According to new figures released by the Office of National Statistics (ONS) last week, there were an estimated 726 deaths of homeless people in England and Wales registered in 2018. It represents a 22 per cent increase, which is the largest rise since the figures began in 2013.
The ONS said a key driver of the change is the number of deaths related to drug poisonings, which are up by 55 per cent.
Rev Mike Long, Minister of Notting Hill Methodist Church and Chair of Shelter's Commission, called 'A Vision for Social Housing', said: "These deaths represent the tragic tip of the iceberg in terms of the suffering that homelessness causes.
"Hundreds of thousands of people are classed as homeless in Britain today, having to cope with 'temporary' accommodation that in many cases is harmful to physical and mental health. This makes no economic sense nor is it morally acceptable."

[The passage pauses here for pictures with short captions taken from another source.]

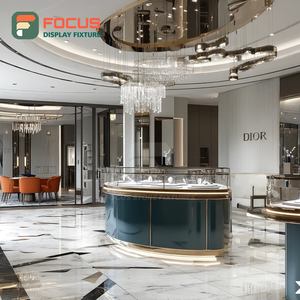 Modern Boutique Jewelry Display Cabinet Tempered Glass Panel Brand Store Display Counter - Product Image 3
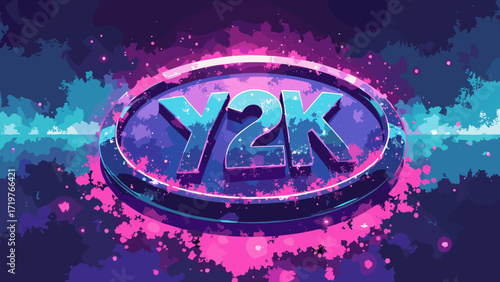 Y2K holo car emblem — polished badge floating above neon puddle, lens flare accents, palette: silver, magenta, cyan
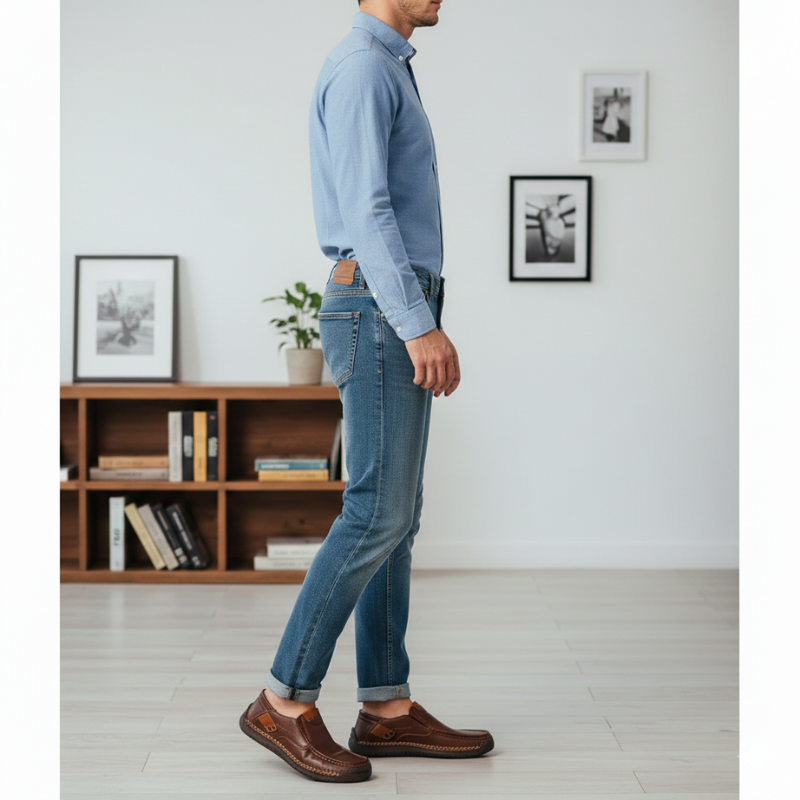 Kylen | Men’s Casual Leather Slip-On Loafers – Rubber Sole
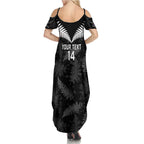 Custom New Zealand Silver Fern Football Summer Maxi Dress Go Aotearoa Grunge Black - Aussie Hoodie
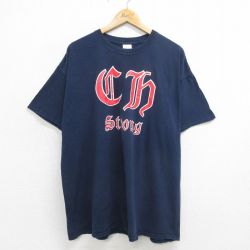 【50%OFF】XL★古着 半袖 ビンテージ Tシャツ メンズ 00年代 00s ch strong 大きいサイズ コットン クルーネック 紺 ネイビー 24may20 中古
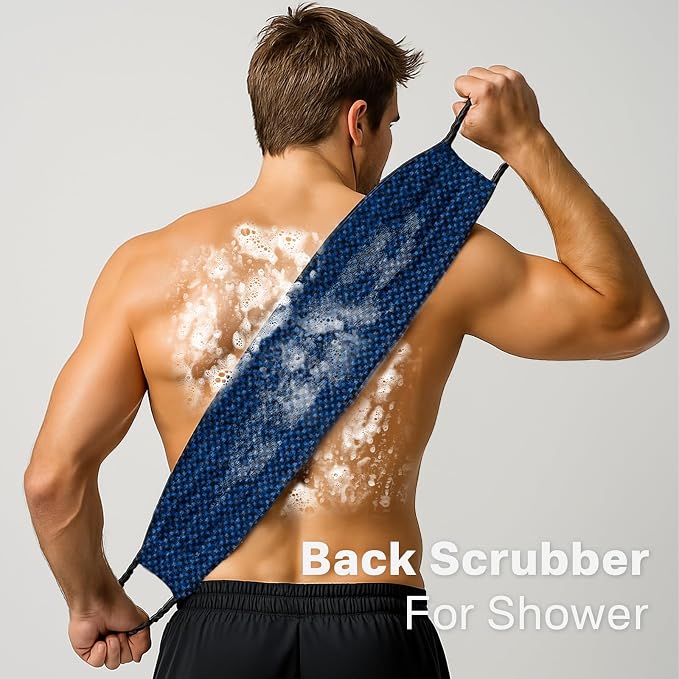 Dual-Textured Exfoliating Washcloth Towel - Back Scrubber for Use in Shower Bath, Exfoliating Body Scrubber Exfoliator, Japanese Exfoliate Loofah Lufa Sponge Wash Cloth for Women Men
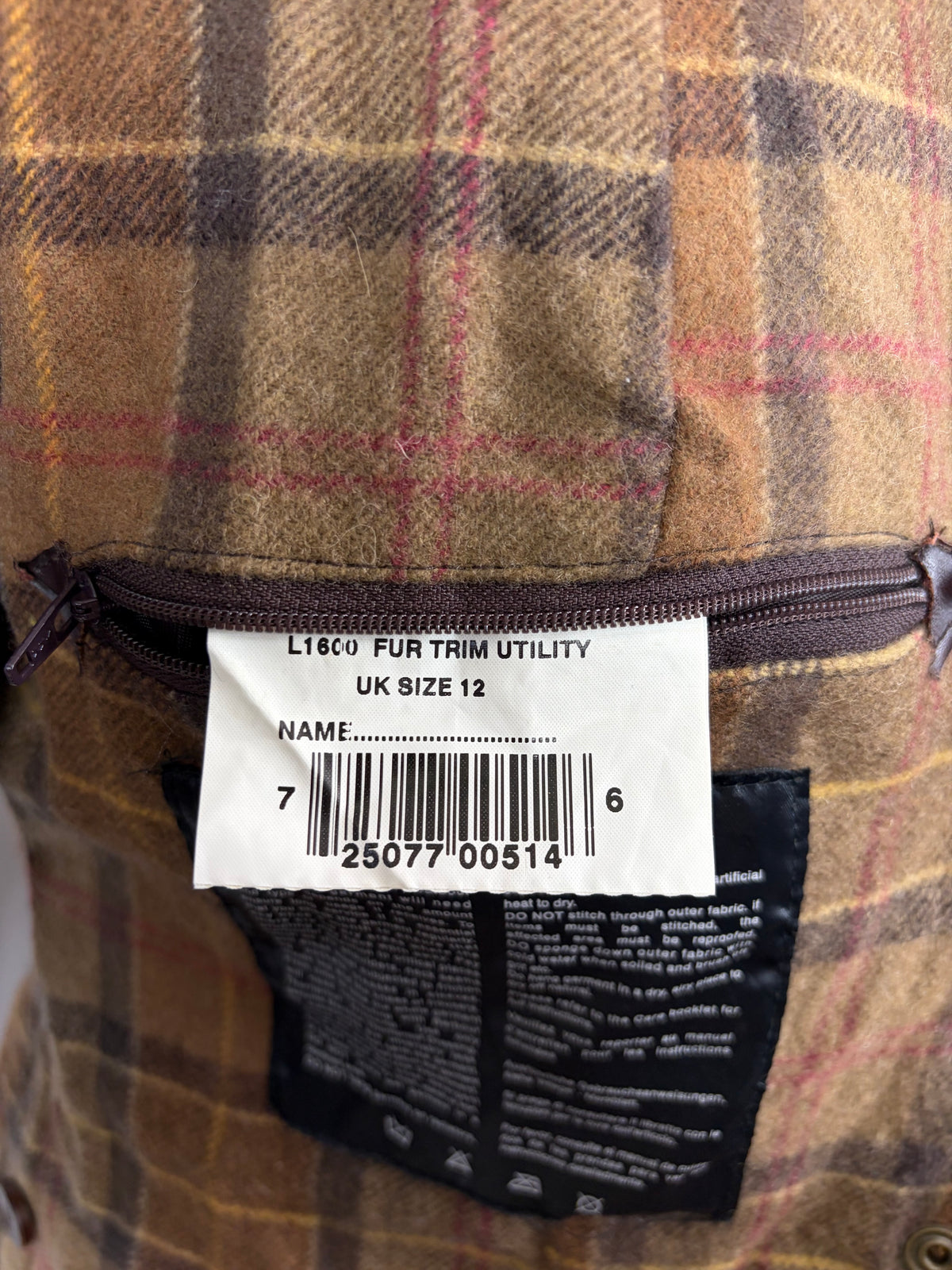 Barbour Giacca corta beige Fur Trim Utility Tg. 42 Lady Beige Utility wax Jacket uk12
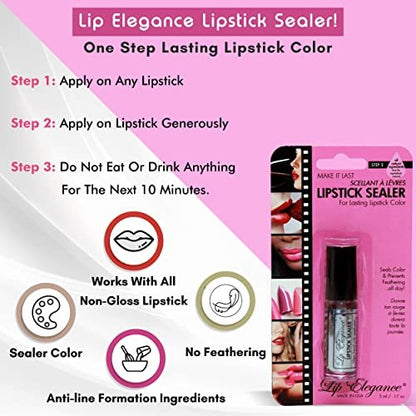 Lip Elegance Lipstick Sealer – Long Lasting Lipstick Sealer with Brush Applicator – Waterproof, Smudge Proof, Oilproof – All Day Liplock Effect 0.17 Fl Oz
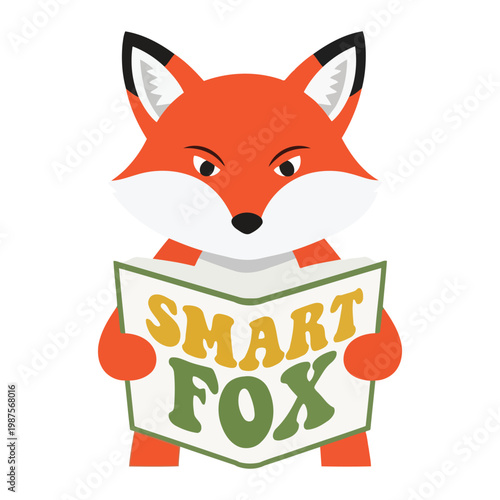 Cartoon orange fox holding a sign that says smart fox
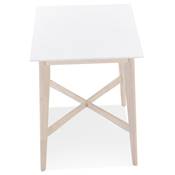 Table haute design carré 'RUSTIK' en bois blanc avec 4 pieds en bois naturel
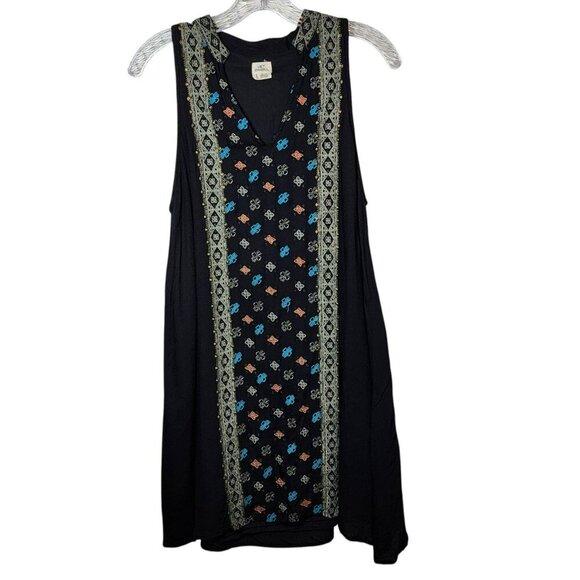 O'Neill Black Sleeveless Dress L Boho Embroidered Beaded Trim 33" Long Cotton Li - Picture 9 of 9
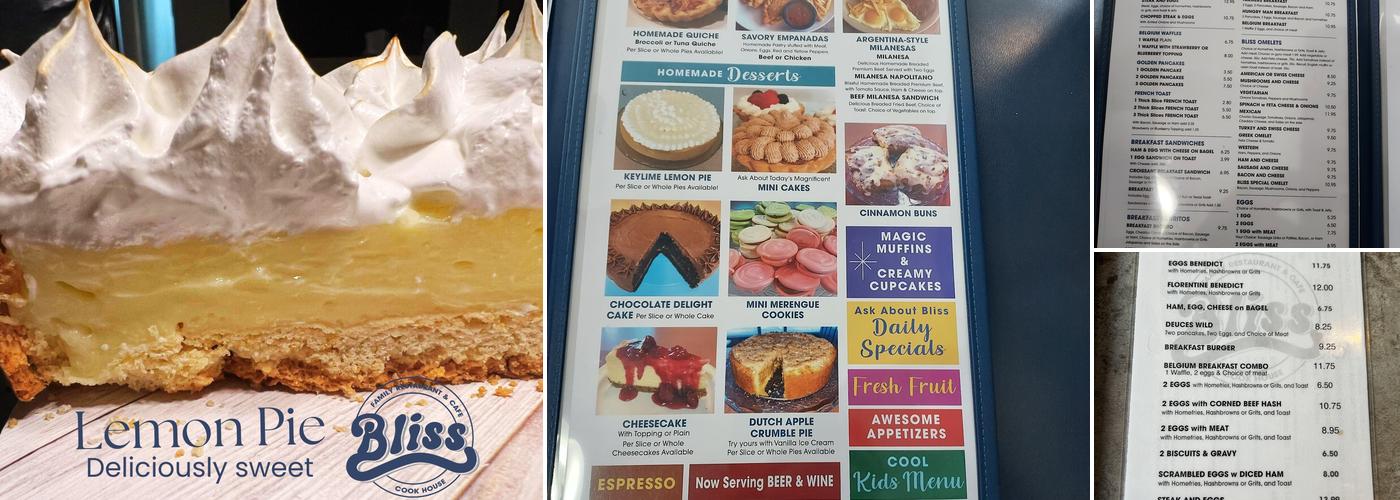 Bliss Cook House Menu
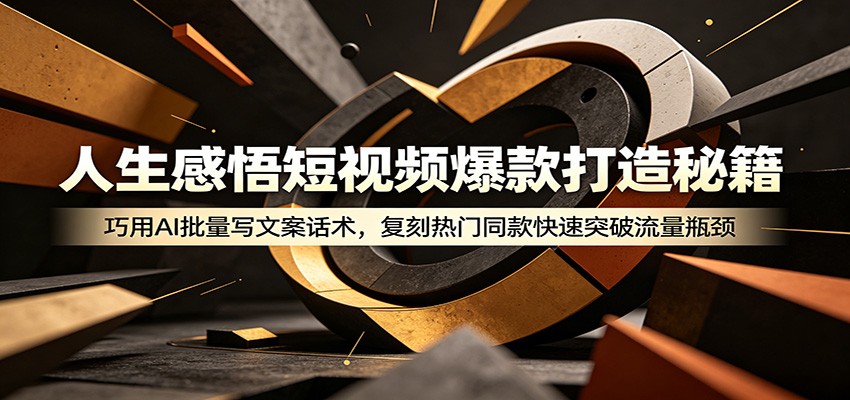 人生感悟短视频爆款打造秘籍:巧用A 批量写文案话术,复刻热门同款快速突破流量瓶颈-皮皮网创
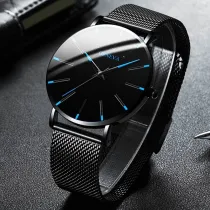 2020 Minimalist Men's Fashion Ultra Thin Watches Simple Men Business Stainless Steel Mesh Belt Quartz Watch
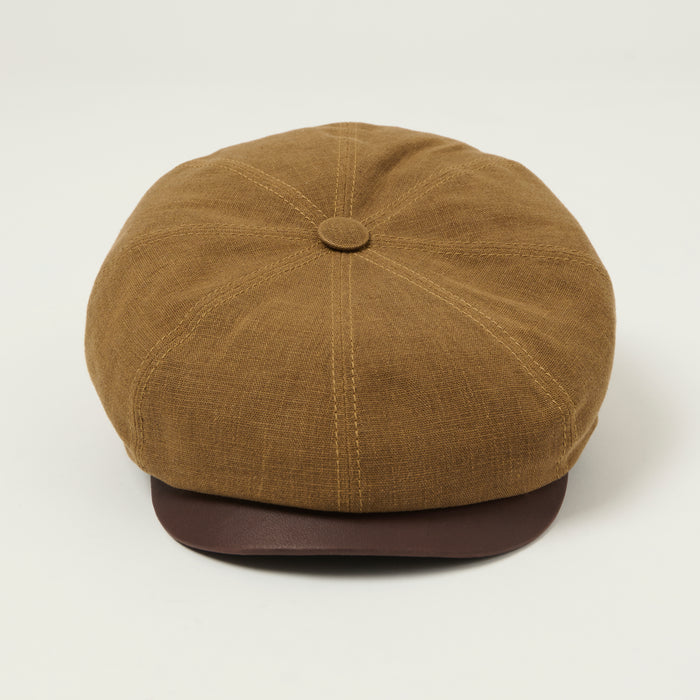 Stetson Cotton/Linen Hatteras Waxed Flat Cap - Brown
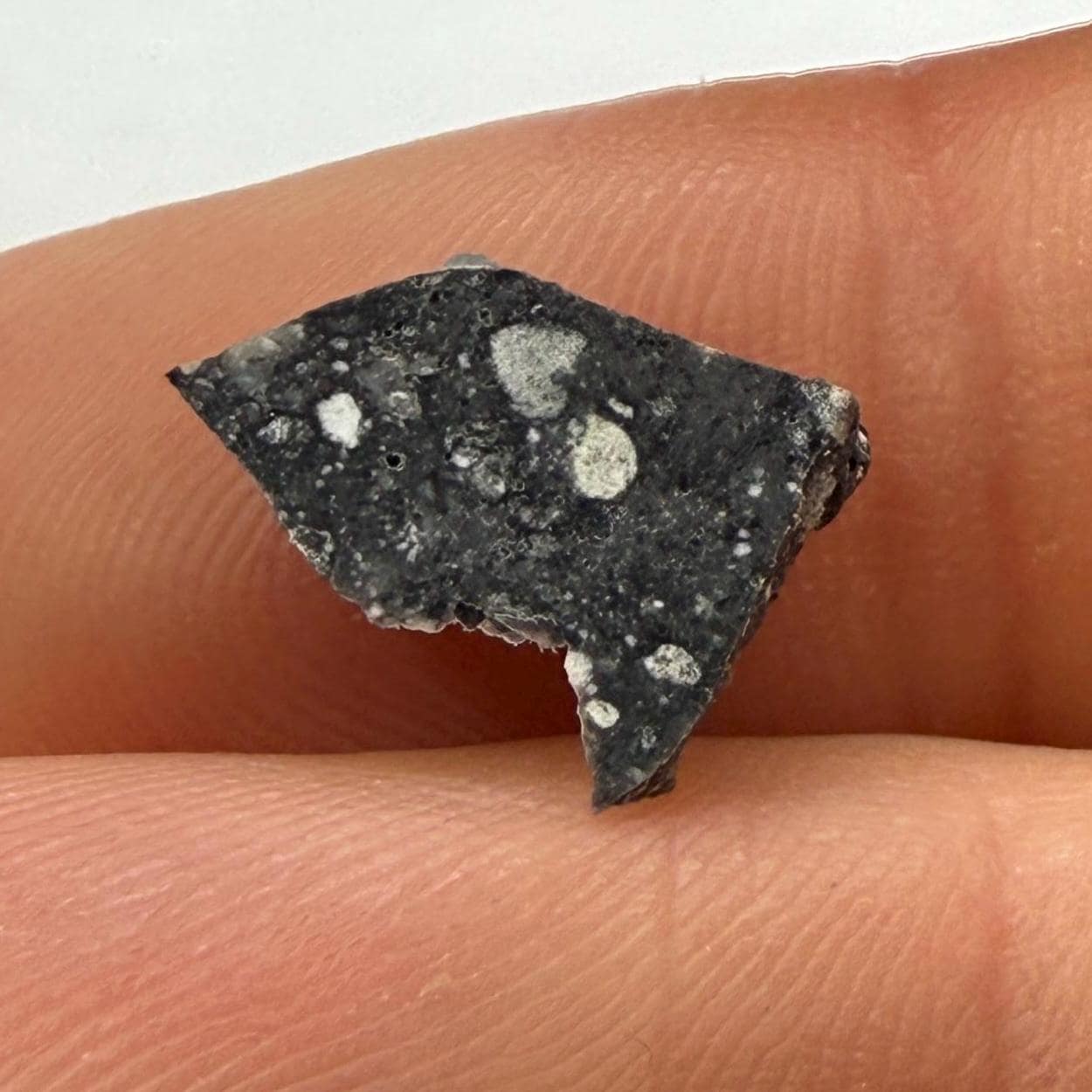 NWA 17679 Lunar Meteorite Slice, Rare Feldspathic Breccia Lunar, Mauritania, Africa, Moon Rock, Astronomy Gift, 0.34 grams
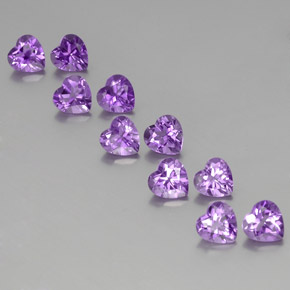 Gemme di Ametista Viola Intenso naturale da 7.37 ct, A forma di cuore, VS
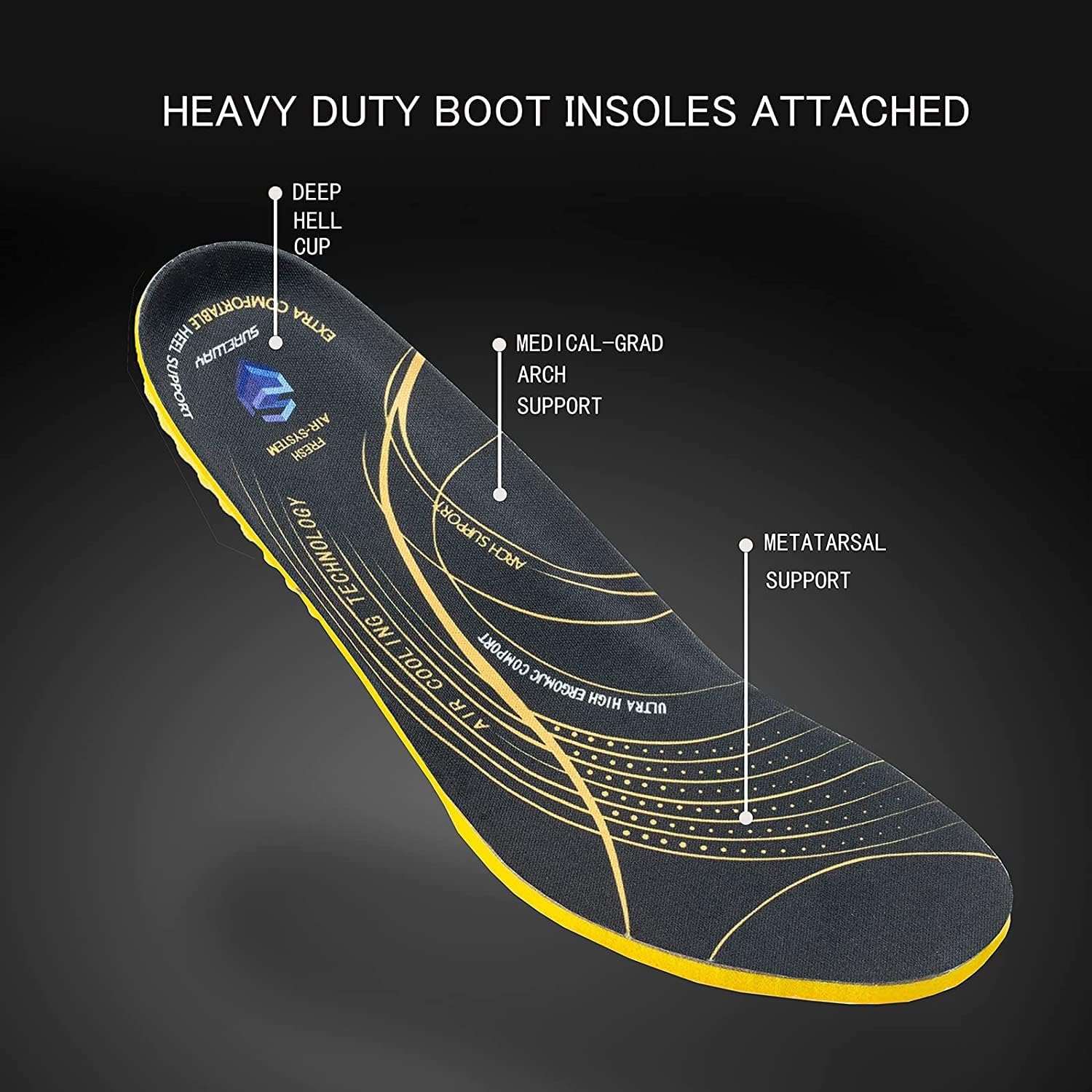 SUREWAY Botas de trabajo para hombre de 6 pulgadas de acero resistente, compuestopunta suave, extremadamente cómodas, duraderas, probadas,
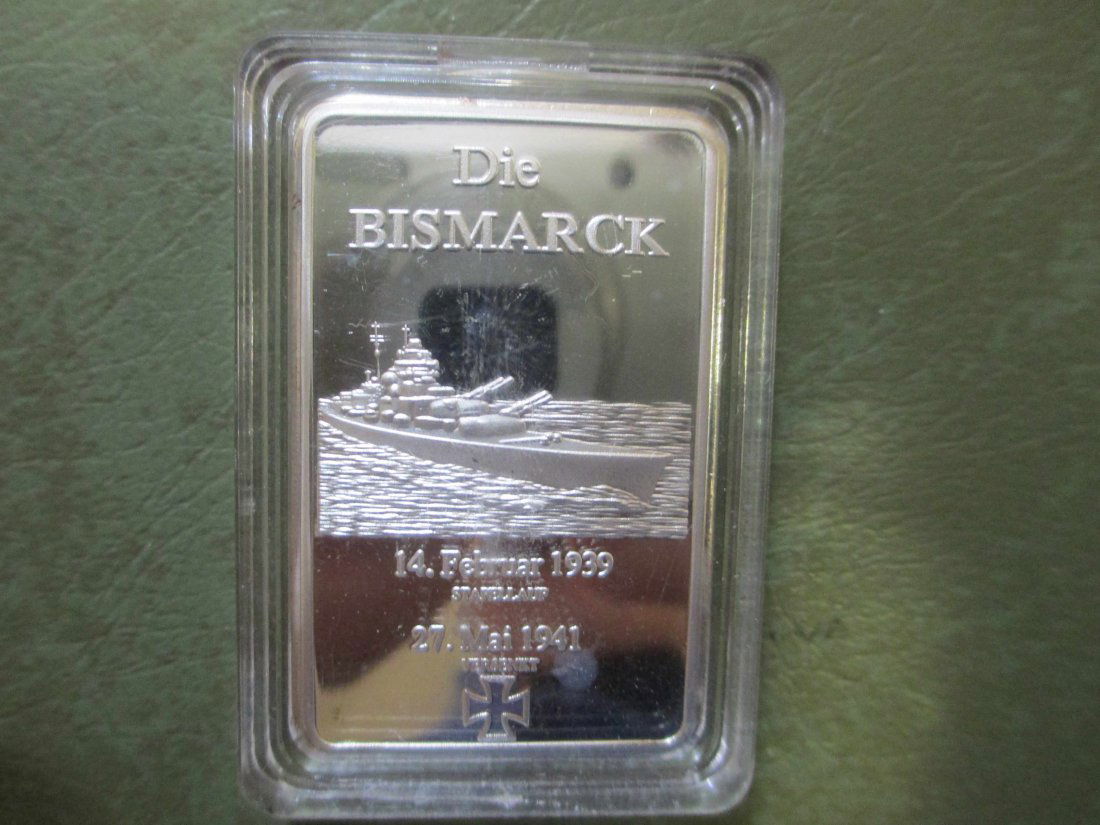 GERMAN BISMARK SILVER CLAD ART BAR (1 of 1)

Roger Clark, CEO of West London Mission (WLM), which has supported thousands of homeless and vulnerable people since 1887, called the issue "an absolute scandal".
He added: "Those that have passed must not be forgotten for whom they were and their legacy must be action."
At WLM, a range of services prevent homelessness through helping people to make changes in their lives.
"At present we are focused on getting our centre at Seymour Place, Marylebone refurbished and relaunched to give people a route off the street which isn't paying the ultimate price," Clark said.
In Greater Manchester, a Christian program called 'A Bed Every Night' aims to prevent homelessness due to termination of tenancies.
Rev Ian Rutherford, City Centre Minister at Methodist Central Hall, Manchester said: "We aid recovery by helping individuals to work towards independence and ultimately reconnecting with their potential.
"This is achieved by giving, for example, opportunities for employment, volunteering, training and education."
Paul Morrison, policy adviser for the Joint Public Issues Team, commended the Church for its role in tackling homelessness but said it can't do it alone and the government should step up.
"It is fantastic that churches are responding to the increasing need, but in the long term we need radical policy change to ensure that family's incomes and rents can meet," he said.